For the analysis of large employer plans, we analyzed a sample of medical claims obtained from the 2018 IBM Health Analytics MarketScan Commercial Claims and Encounters Database, which contains claims information provided by large employer plans. We only included claims for people under the age of 65, as people over the age of 65 are typically on Medicare. This analysis used claims for almost 18 million people representing about 22% of the 82 million people in the large group market in 2018. Seventy percent of larger group enrollees who were enrolled for more than six months had at least one prescription drug claim in the year. Weights were applied to match counts in the Current Population Survey for enrollees at firms of 1,000 or more workers by sex, age and state. Weights were trimmed at eight times the interquartile range.

For the analysis of Medicare Part D, we used the 2018 Medicare Part D prescription drug event (PDE) claims data from the Centers for Medicare & Medicaid Services (CMS) Chronic Conditions Data Warehouse (CCW) for a 20 percent sample of Medicare beneficiaries. The analysis was limited to enrollees who filled a prescription in 2018, which equaled 42.9 million enrollees out of 46.1 million total (93.1%).

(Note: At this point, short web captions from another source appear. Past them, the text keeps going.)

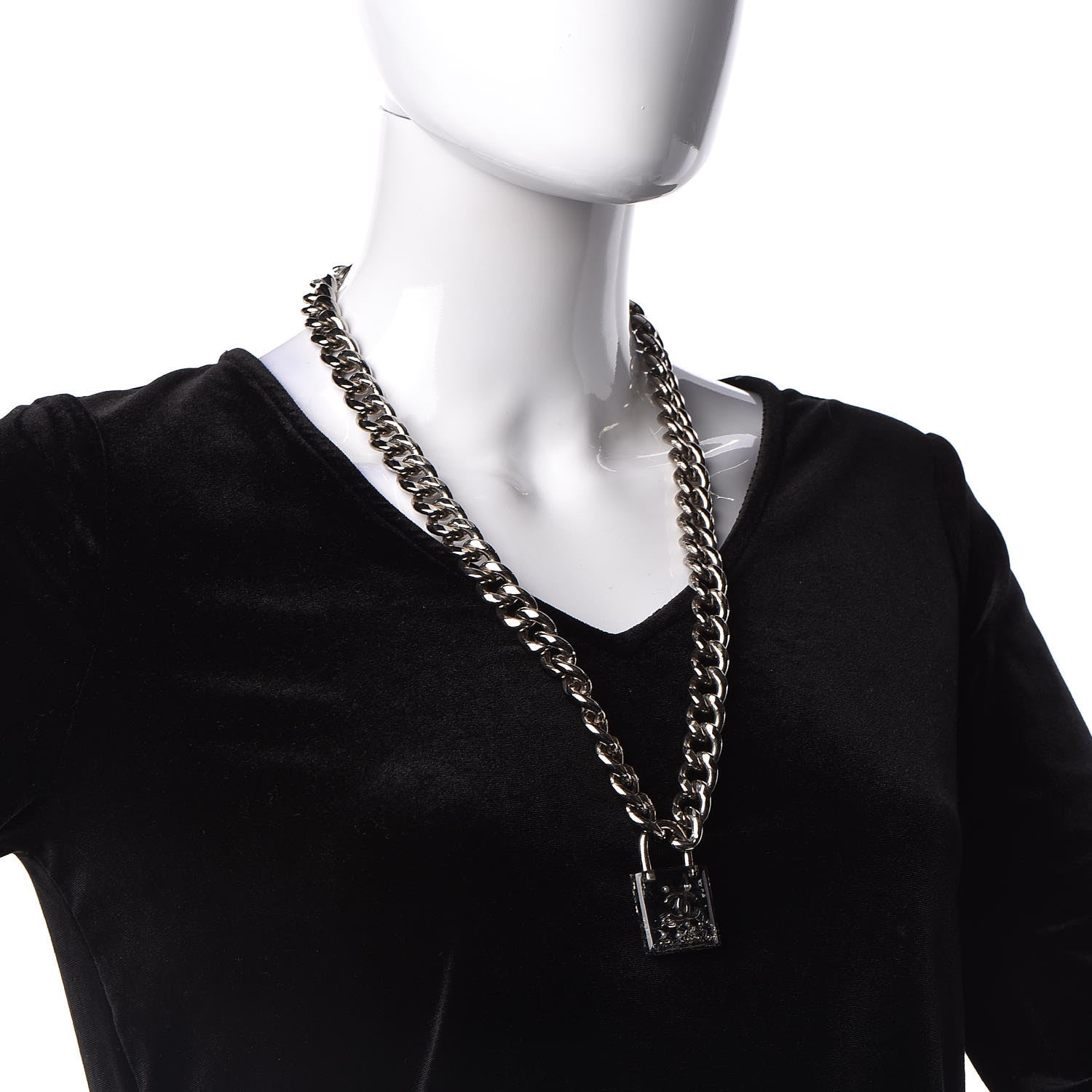 Chanel Resin CC Oversized Padlock Chain Necklace Silver Pearly White 2 of 7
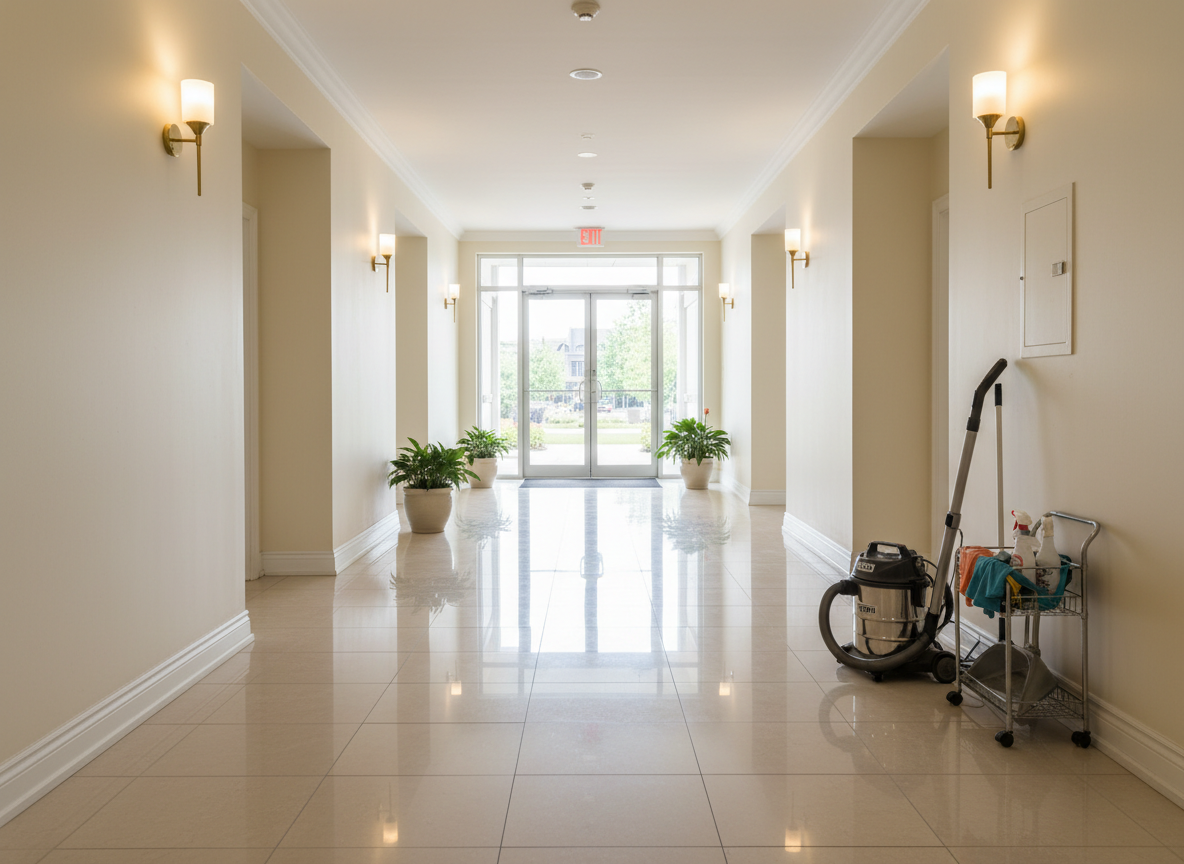 A spacious hallway in a well-kept condominium building in Stittsville, just finished being professionally cleaned. The polished light-beige tile floor reflects the soft glow of wall sconces and diffused daylight from a glass entrance door at the far end. A compact, quiet vacuum with a HEPA filter attachment rests neatly against the wall beside a tidy cleaning caddy, emphasizing attention to dust and allergens for seniors and sensitive residents. Photographic realism, eye-level composition with strong depth and vanishing point perspective leading down the corridor. The atmosphere is secure, orderly, and reassuring, suggesting a consistently maintained, healthy building environment.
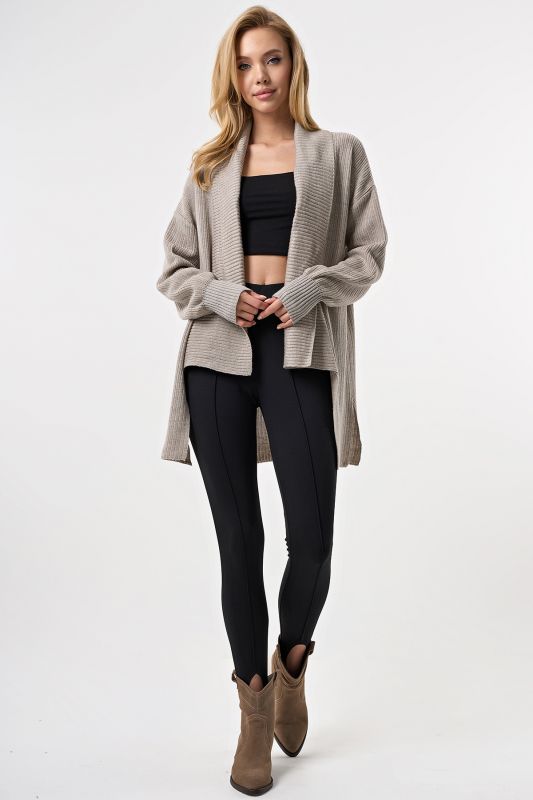 Voluminous cardigan with textured collar melange gray-beige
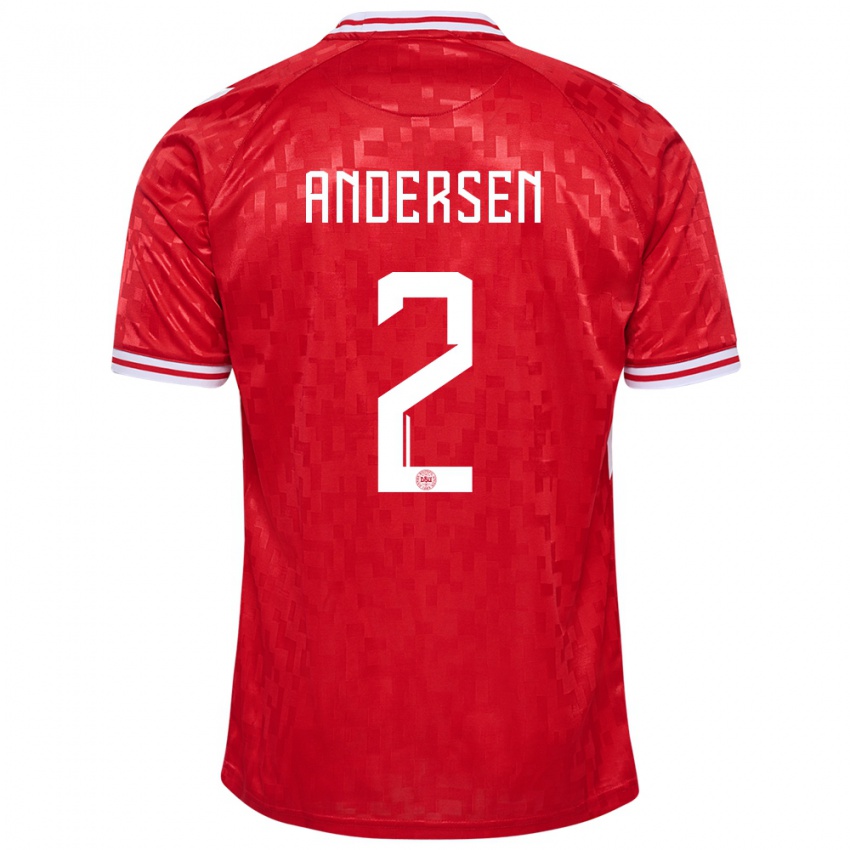Damen Dänemark Joachim Andersen #2 Rot Heimtrikot Trikot 24-26 T-Shirt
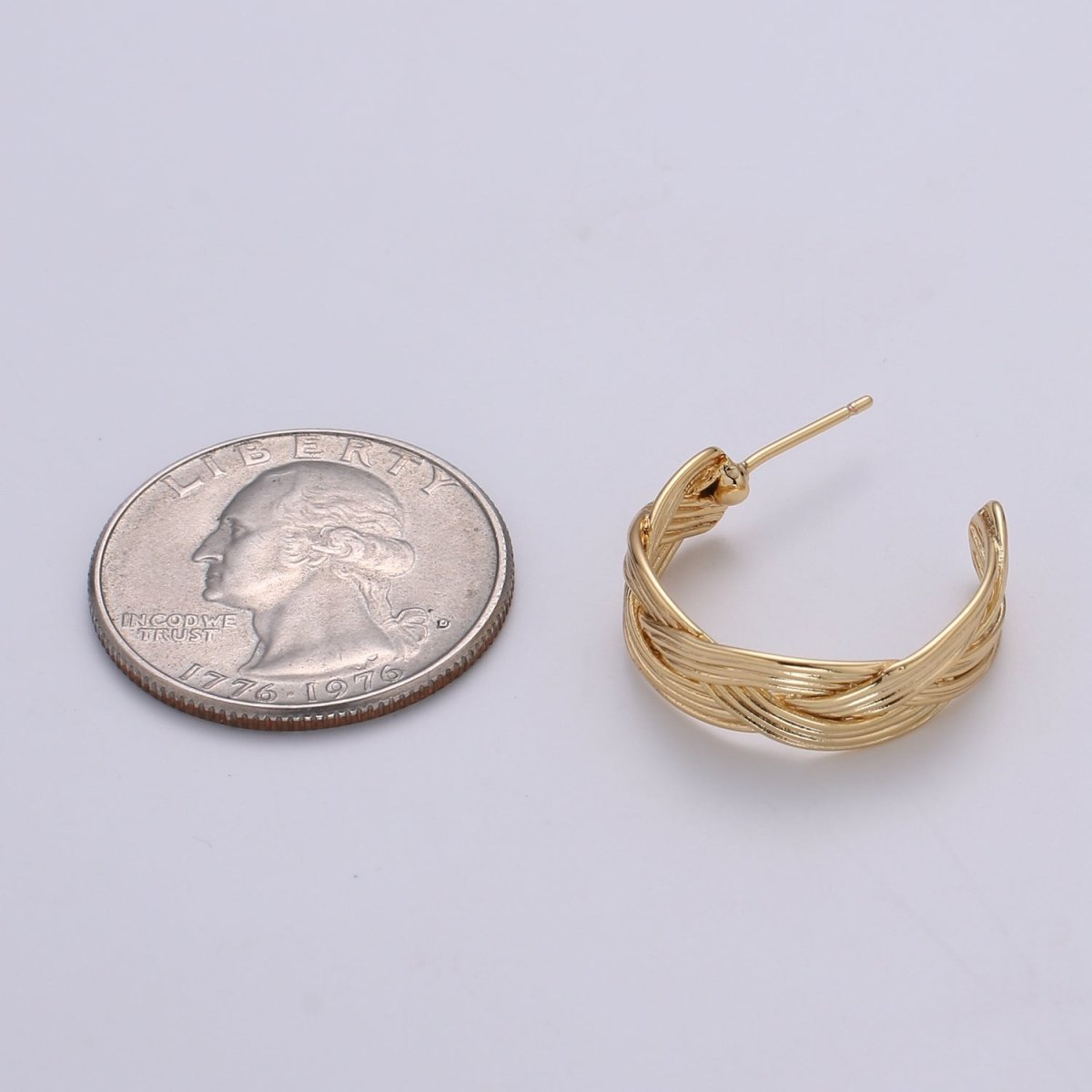 Golden Woven Spiral Studs Earring Gold Plated Layered Geometric Shape Earring Jewelry GP-899 - DLUXCA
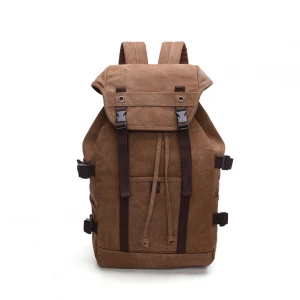 2021 Fashionable Canvas Bag Back Pack Bags Trending Vintage Leather Laptop Backpack Unisex Retro Leather OEM Mens Backpack 1KG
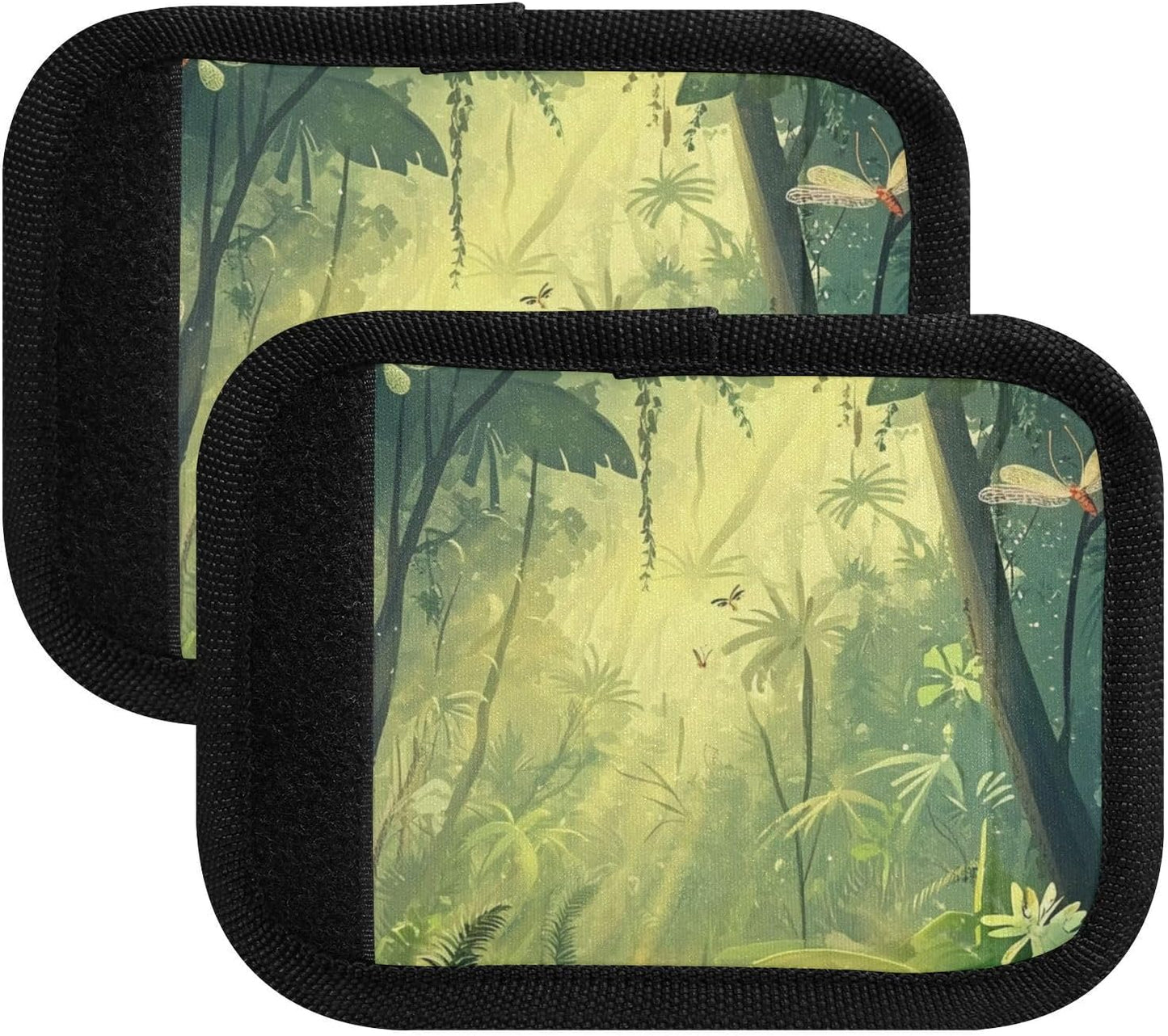 Sunshine Tropical Trees Forest and Dragonflies 4 Pack Luggage Handle Wraps Covers for Suitcase Identifiers Bag Tags Travel Accessories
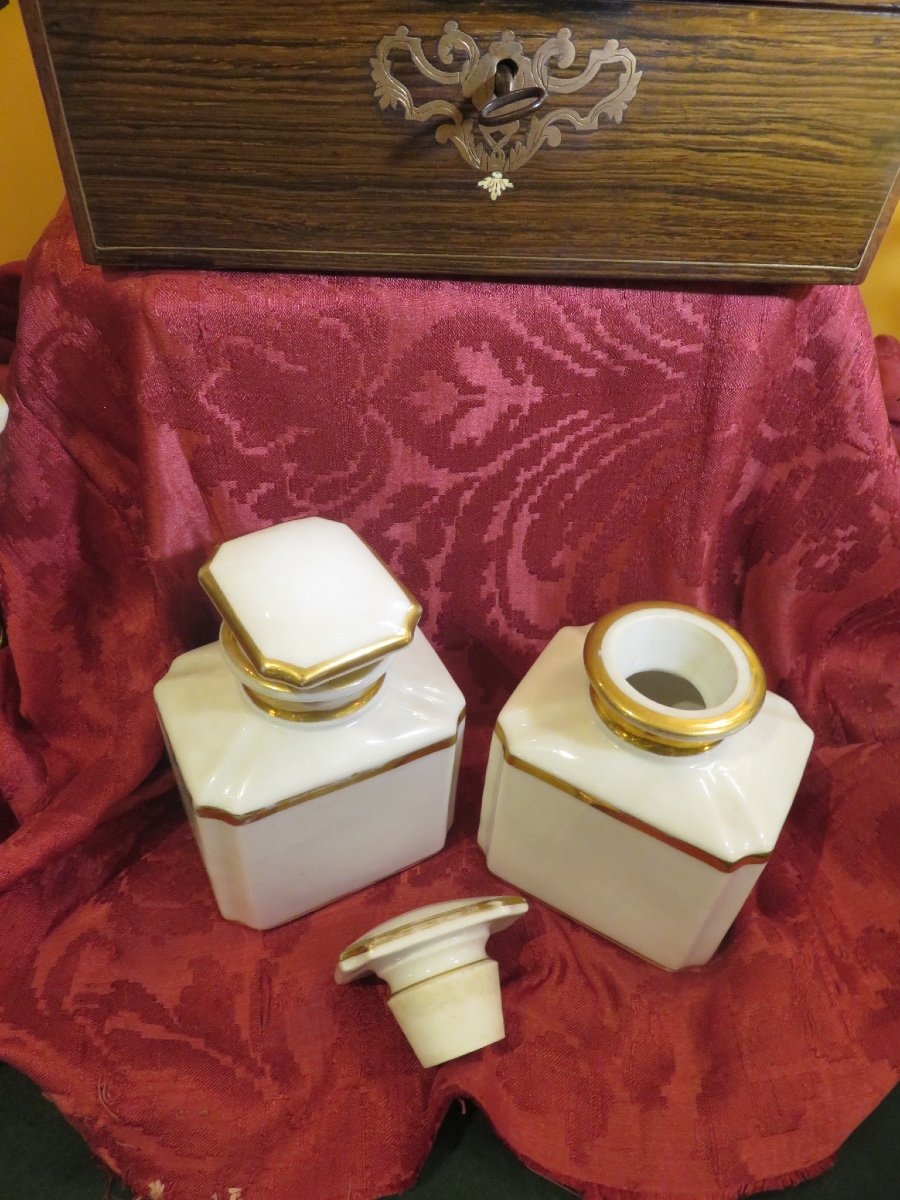 Box, Scent Box With Two Bottles And Brass Marquetry Napoleon III Period-photo-5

For both datasets, MarketScan’s Red Book was used to classify drugs by generic id and the therapeutic/pharmacologic category of the drug product. Drug spending paid for by someone other than an enrollee’s insurer, drugs administered in an inpatient setting, or not classified under the controlled substance act were excluded. Each prescription drug claim was counted as a single prescription regardless of the quantity or strength of that prescription. Drugs were grouped by the generic drug name, which may include multiple brands, but treats combination products separately.

To identify prescriptions filled by a mail-order pharmacy, we used the field indicating the type of pharmacy that filled the prescription. It is not possible to determine the method by which the prescription was subsequently mailed, and thus the totals here reflect prescriptions delivered via the U.S. Postal Service, as well as those delivered by other services, such as FedEx or UPS. In the Part D claims, specialty pharmacy claims are reported separately from mail-order pharmacy claims, although in some cases, specialty pharmacies may ship directly to patients; our analysis does not count these prescriptions as mail order because we are unable to identify them as such.